The plain and unambiguous language of HRS § 663-3 states that [persons enumerated in this section] may bring a claim for “pecuniary loss and loss of love and affection, including [enumerated claims].”
The term[ ] “including” expresses “an enlargement and [has] the meaning of and or in addition to, or merely [specifies] a particular thing already included within the general words theretofore used.” Black's Law Dictionary 763 (6th ed.1990) ( [italics] in original). By using the term “including,” the legislature intended the enumerated claims [in HRS § 663-3] to be exemplary of the type of claims which may be brought for the loss of love and affection. The term “including” in no way implies exclusivity. Thus it is irrelevant whether Appellants are entitled to any of the [statutorily] enumerated claims inasmuch as they have a general claim for the loss of love and affection.
Lealaimatafao v. Woodward-Clyde Consultants, 75 Haw. 544, 556-57, 867 P.2d 220, 226 (1994) (underscoring added) (citations omitted).

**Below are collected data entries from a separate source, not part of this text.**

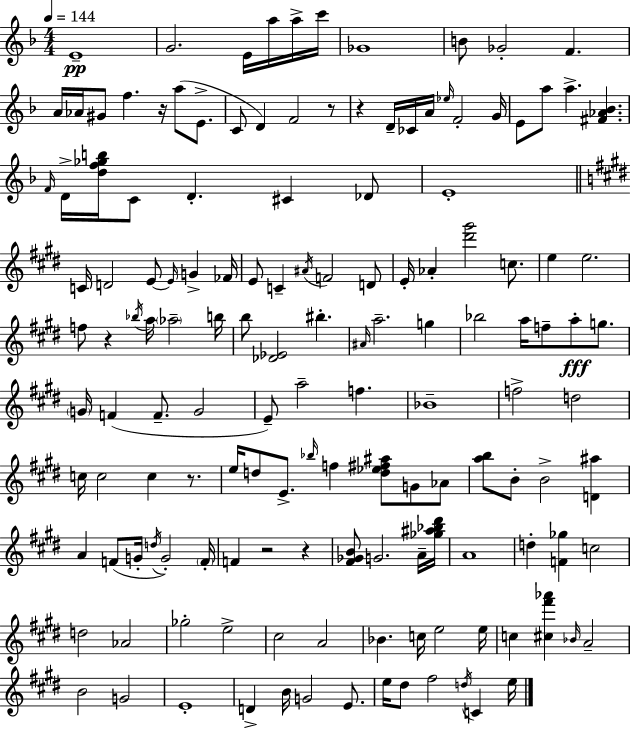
{
  \clef treble
  \numericTimeSignature
  \time 4/4
  \key d \minor
  \tempo 4 = 144
  e'1--\pp | g'2. e'16 a''16 a''16-> c'''16 | ges'1 | b'8 ges'2-. f'4. | \break a'16 aes'16 gis'8 f''4. r16 a''8( e'8.-> | c'8 d'4) f'2 r8 | r4 d'16-- ces'16 a'16 \grace { ees''16 } f'2-. | g'16 e'8 a''8 a''4.-> <fis' aes' bes'>4. | \break \grace { f'16 } d'16-> <d'' f'' ges'' b''>16 c'8 d'4.-. cis'4 | des'8 e'1-. | \bar "||" \break \key e \major c'16 d'2 e'8~~ \grace { e'16 } g'4-> | fes'16 e'8 c'4-- \acciaccatura { ais'16 } f'2 | d'8 e'16-. aes'4-. <dis''' gis'''>2 c''8. | e''4 e''2. | \break f''8 r4 \acciaccatura { bes''16 } a''16 \parenthesize aes''2-- | b''16 b''8 <des' ees'>2 bis''4.-. | \grace { ais'16 } a''2.-- | g''4 bes''2 a''16 f''8-- a''8-.\fff | \break g''8. \parenthesize g'16 f'4( f'8.-- g'2 | e'8--) a''2-- f''4. | bes'1-- | f''2-> d''2 | \break c''16 c''2 c''4 | r8. e''16 d''8 e'8.-> \grace { bes''16 } f''4 <d'' ees'' fis'' ais''>8 | g'8 aes'8 <a'' b''>8 b'8-. b'2-> | <d' ais''>4 a'4 f'8( g'16-. \acciaccatura { d''16 }) g'2-. | \break \parenthesize f'16-. f'4 r2 | r4 <fis' ges' b'>8 g'2. | a'16-- <ges'' ais'' bes'' dis'''>16 a'1 | d''4-. <f' ges''>4 c''2 | \break d''2 aes'2 | ges''2-. e''2-> | cis''2 a'2 | bes'4. c''16 e''2 | \break e''16 c''4 <cis'' fis''' aes'''>4 \grace { bes'16 } a'2-- | b'2 g'2 | e'1-. | d'4-> b'16 g'2 | \break e'8. e''16 dis''8 fis''2 | \acciaccatura { d''16 } c'4 e''16 \bar "|."
}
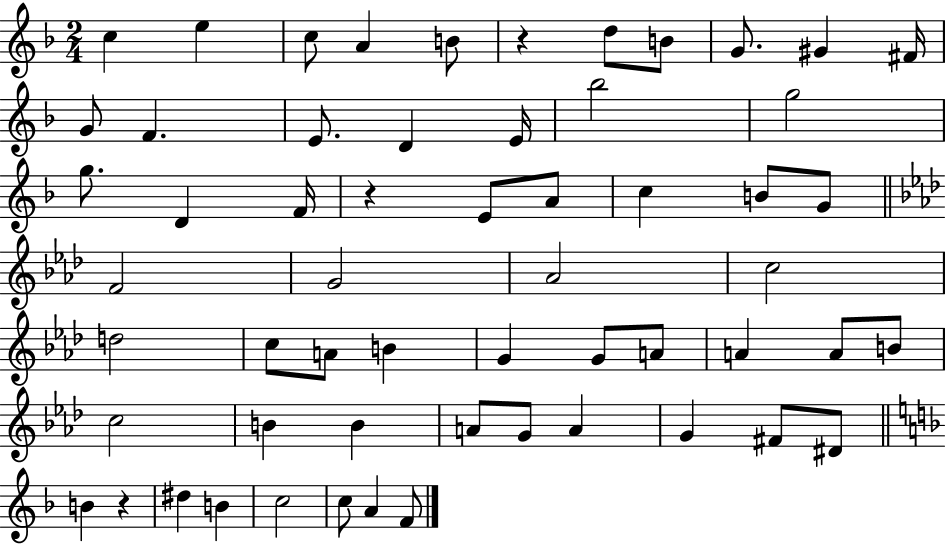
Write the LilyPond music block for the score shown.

{
  \clef treble
  \numericTimeSignature
  \time 2/4
  \key f \major
  \repeat volta 2 { c''4 e''4 | c''8 a'4 b'8 | r4 d''8 b'8 | g'8. gis'4 fis'16 | \break g'8 f'4. | e'8. d'4 e'16 | bes''2 | g''2 | \break g''8. d'4 f'16 | r4 e'8 a'8 | c''4 b'8 g'8 | \bar "||" \break \key aes \major f'2 | g'2 | aes'2 | c''2 | \break d''2 | c''8 a'8 b'4 | g'4 g'8 a'8 | a'4 a'8 b'8 | \break c''2 | b'4 b'4 | a'8 g'8 a'4 | g'4 fis'8 dis'8 | \break \bar "||" \break \key d \minor b'4 r4 | dis''4 b'4 | c''2 | c''8 a'4 f'8 | \break } \bar "|."
}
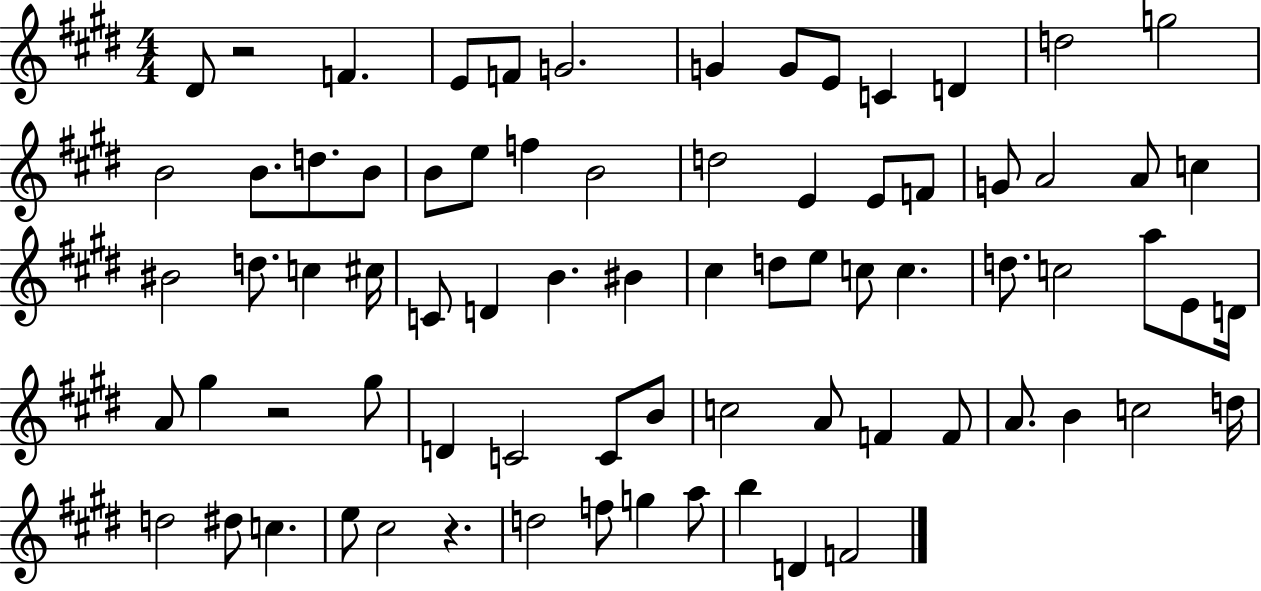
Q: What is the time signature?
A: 4/4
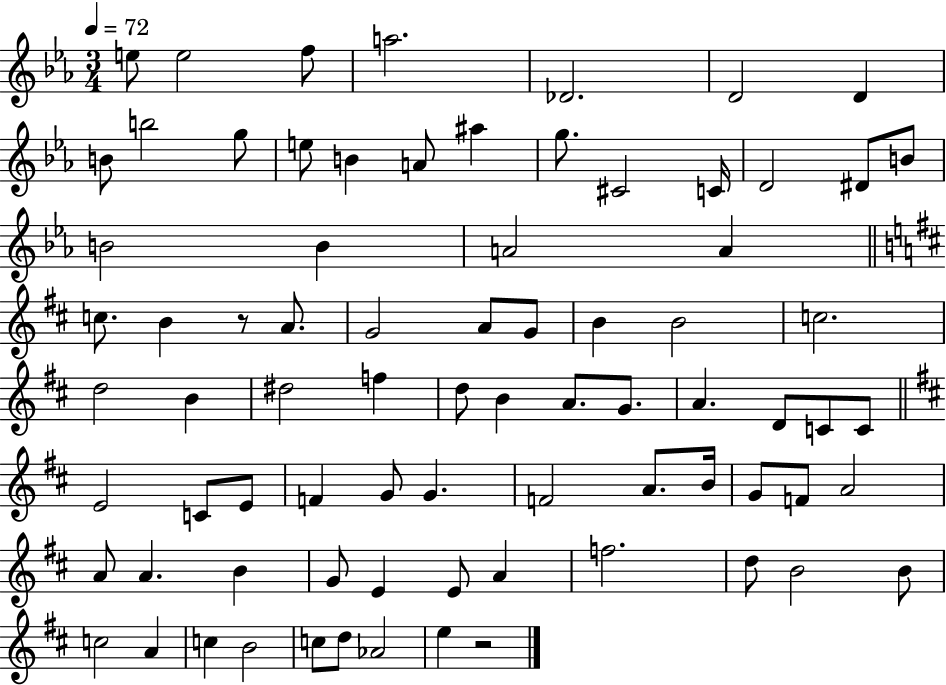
E5/e E5/h F5/e A5/h. Db4/h. D4/h D4/q B4/e B5/h G5/e E5/e B4/q A4/e A#5/q G5/e. C#4/h C4/s D4/h D#4/e B4/e B4/h B4/q A4/h A4/q C5/e. B4/q R/e A4/e. G4/h A4/e G4/e B4/q B4/h C5/h. D5/h B4/q D#5/h F5/q D5/e B4/q A4/e. G4/e. A4/q. D4/e C4/e C4/e E4/h C4/e E4/e F4/q G4/e G4/q. F4/h A4/e. B4/s G4/e F4/e A4/h A4/e A4/q. B4/q G4/e E4/q E4/e A4/q F5/h. D5/e B4/h B4/e C5/h A4/q C5/q B4/h C5/e D5/e Ab4/h E5/q R/h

Consequently, claims brought under HRS § 663-3 must relate to the general loss of love and affection suffered by the designated survivors. Id.; Hun, 63 Haw. at 279, 626 P.2d at 187.

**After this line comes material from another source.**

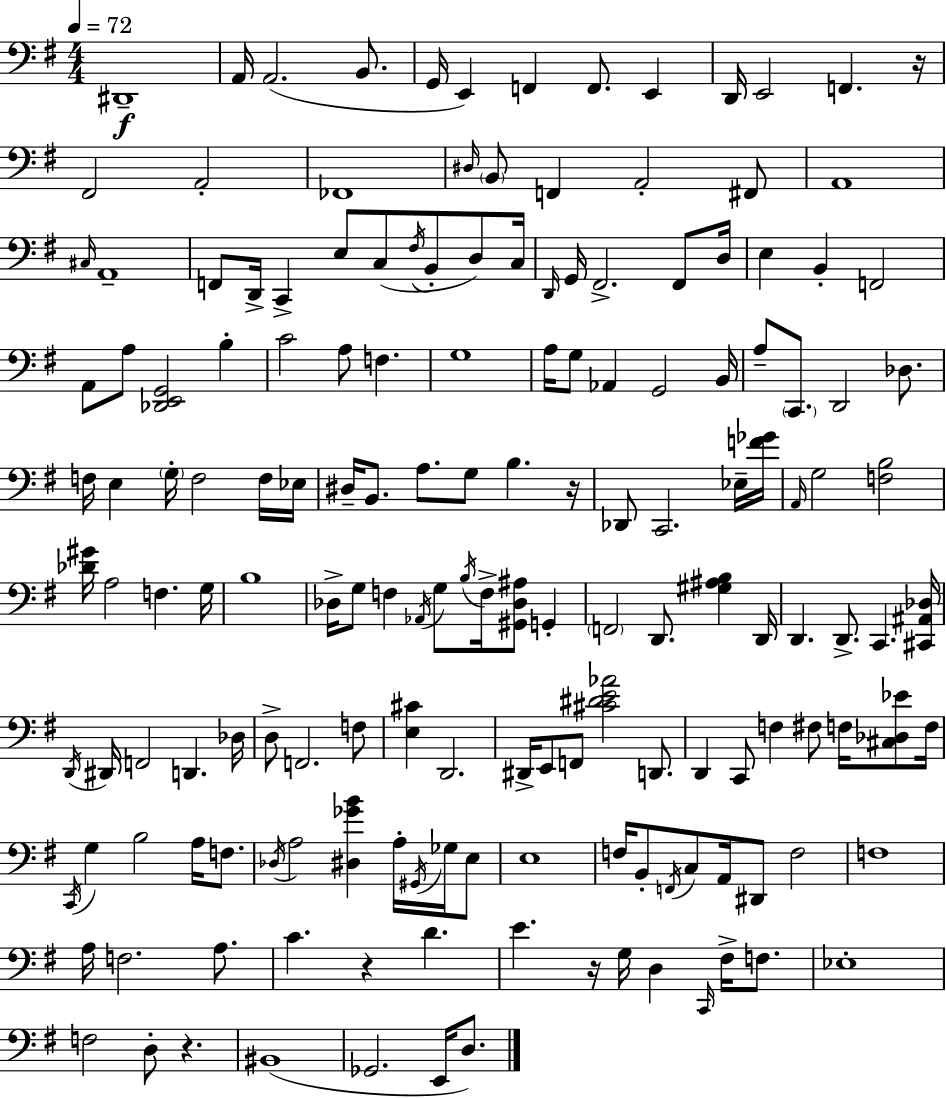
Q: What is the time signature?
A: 4/4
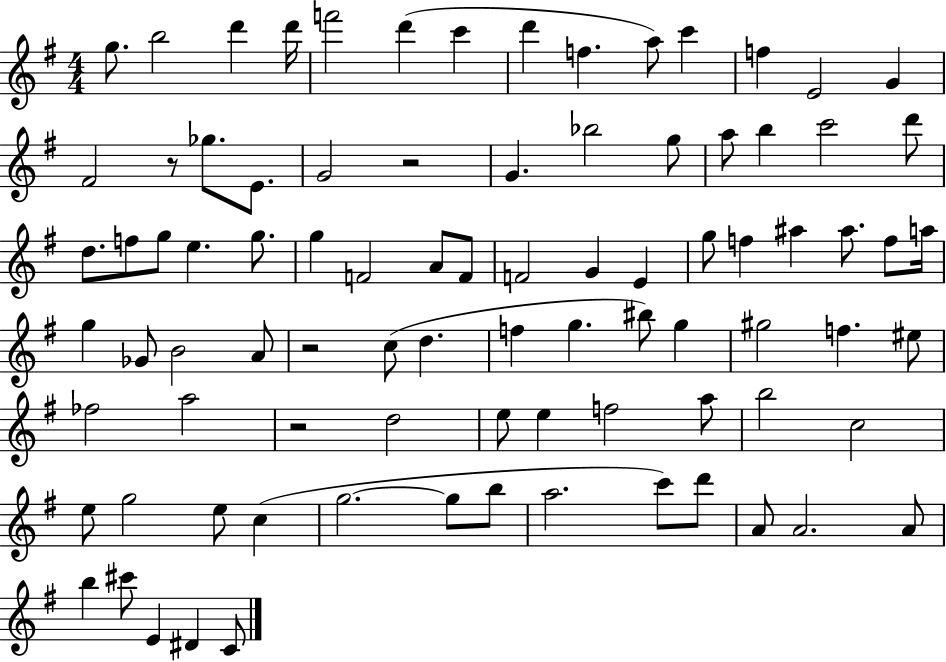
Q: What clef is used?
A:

Plainly, it was Cynthia who suffered loss of enjoyment of life. We have held that such a claim is allowed to the estate pursuant to HRS § 663-7. Teruko, then, was not entitled to prosecute such a claim. Additionally, her claim would fail under HRS § 663-3 because it did not relate to her loss of love or affection. Hun, 63 Haw. at 279, 626 P.2d at 187.
Likewise, because of our holding, supra, in part V.B.1.b. that a cause of action for punitive damages survives the death of the decedent, punitive damages are not recoverable in an action under HRS § 663-3. Furthermore, an award under HRS § 663-3 would constitute a double recovery. See F. Harper, F. James, Jr., & O. Gray, The Law of Torts § 25.16, at 614 (2d ed.1986) [hereinafter The Law of Torts ] (stating that items recoverable under a survival statute do not duplicate recovery which may be had under a wrongful death act).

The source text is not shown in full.